▶ Records
----
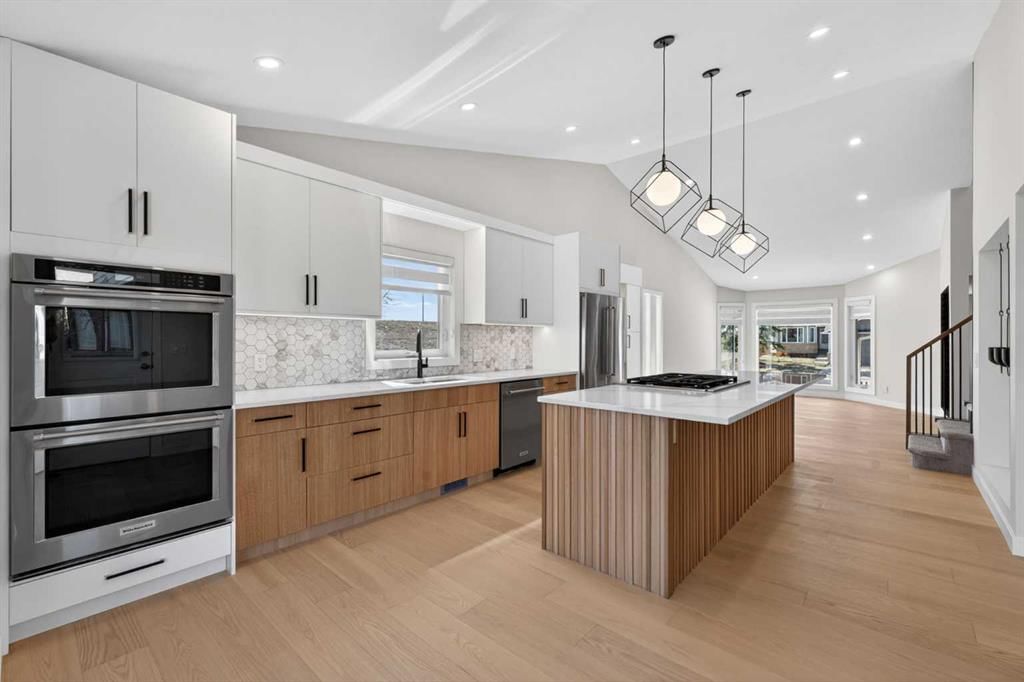 42 Sunvista Crescent SE, Calgary — photo 4 of 47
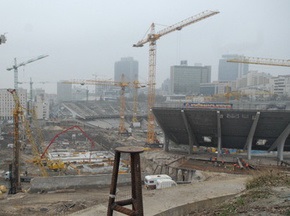 Евро-2012: Кабмин разрешил предоплату на подготовку инфраструктуры в январе-марте 2010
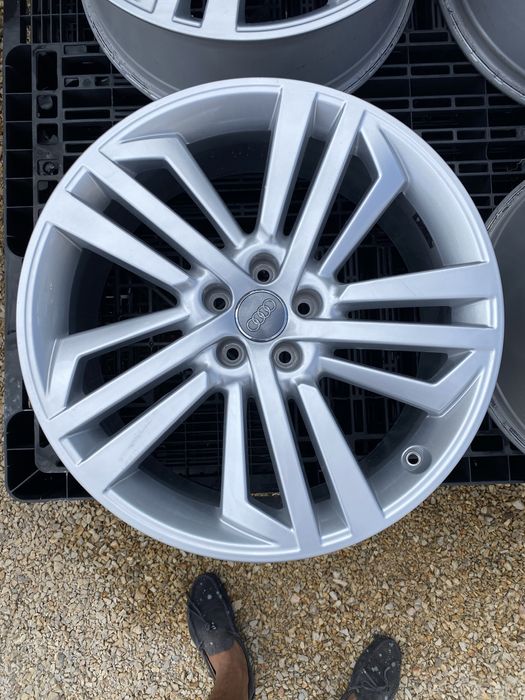 20 цола 5 х 112 мм Ауди , Audi Q 5 , Q 3 , A 4 , A 6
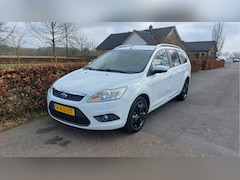 Ford Focus Wagon - 1.8 Titanium AIRCO BJ 2009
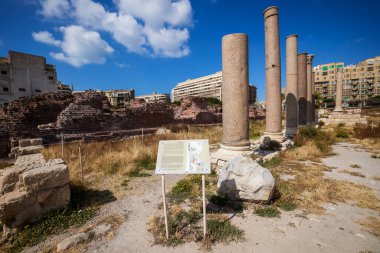ALEXANDRIA, EGYPT - 26 Nisan 2021. Roma amfitiyatrosu, 2. yüzyıldan 4. yüzyıla kadar. Eski İskenderiye 'den kalıntılar ve parçalar.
----
▶ What needs to be done
The copy should match the records above exactly, except that pictures are dropped.

▶ Written reply
 42 Sunvista Crescent SE, Calgary — photo 4 of 47
 Евро-2012: Кабмин разрешил предоплату на подготовку инфраструктуры в январе-марте 2010
 20 цола 5 х 112 мм Ауди , Audi Q 5 , Q 3 , A 4 , A 6
 Ford Focus Wagon - 1.8 Titanium AIRCO BJ 2009
ALEXANDRIA, EGYPT - 26 Nisan 2021. Roma amfitiyatrosu, 2. yüzyıldan 4. yüzyıla kadar. Eski İskenderiye 'den kalıntılar ve parçalar.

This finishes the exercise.